Massenprotest in Ägypten gegen Präsident Mursis Islamisierungspläne *

Mit Massenprotesten und einem Medienstreik macht die Opposition gegen die Pläne von Ägyptens Präsident Mohammed Mursi für eine Islamisierung des Landes mobil.

Am Dienstag erschienen in Ägypten mindestens elf Zeitungen nicht, Journalisten gingen gemeinsam mit vielen anderen Aktivisten auf die Straße. Auf dem zentralen Kairoer Tahrir-Platz versammelten sich am Nachmittag Tausende Menschen, um unter dem Motto »Letzte Warnung« ihren Unmut auszudrücken.
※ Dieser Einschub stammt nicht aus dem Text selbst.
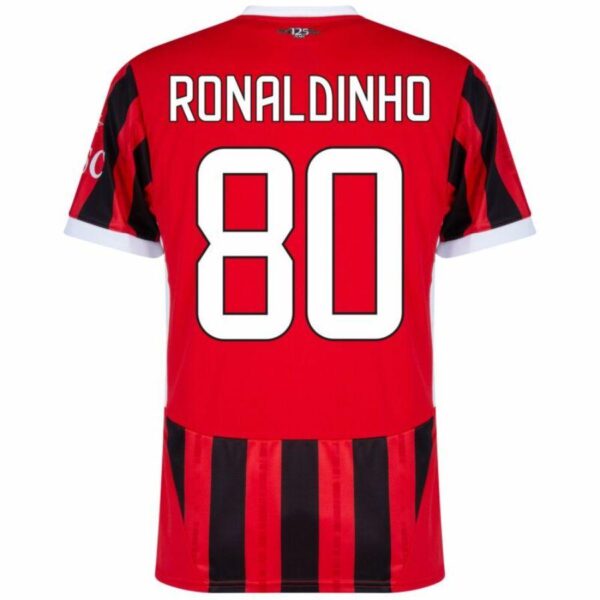 AC Milan Home Fan Jersey 2024/25 Patches UCL UEFA Foundation (Official Printing) - Imagem 10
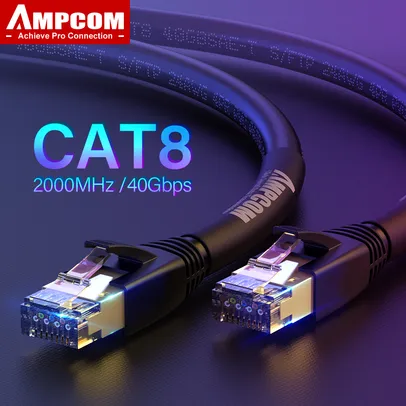 [Conta Nova R$8] AMPCOM 2 metros CAT-8 cabo de rede 40 Gbps / 2000 MHz Conector banhado a ouro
Liberale und linke Parteien sowie revolutionäre Gruppen riefen ihre Anhänger zu dem Massenprotest auf. Geplant waren verschiedene Demonstrationszüge in den Stadtteil Heliopolis, wo sich der Sitz von Präsident Mursi im Ittihadija- Palast befindet.

Der englischsprachige Online- Auftritt der unabhängigen Tageszeitung »Al-Masry al-Youm« war zeitweise schwarz. Dabei erklärten die Medienmacher mit Hinweis auf den Arabischen Frühling: »Sie lesen diese Botschaft, weil Egyptindependent Einspruch gegen die fortdauernde Einschränkung der Pressefreiheit erhebt, insbesondere nachdem Hunderte Menschen ihr Leben für Freiheit und Würde geopfert haben.«

Die Partei der Muslimbruderschaft »Freiheit und Gerechtigkeit « rief die Demonstranten auf, friedlich zu bleiben. Die Oppositionsführer wie Friedensnobelpreisträger Mohammed al-Baradei und der Politiker Hamdien Sabahi seien dafür verantwortlich, so die Islamisten. Schließlich habe es auch bei den Aktionen der Muslimbruderschaft am Wochenende keine Gewalt gegeben.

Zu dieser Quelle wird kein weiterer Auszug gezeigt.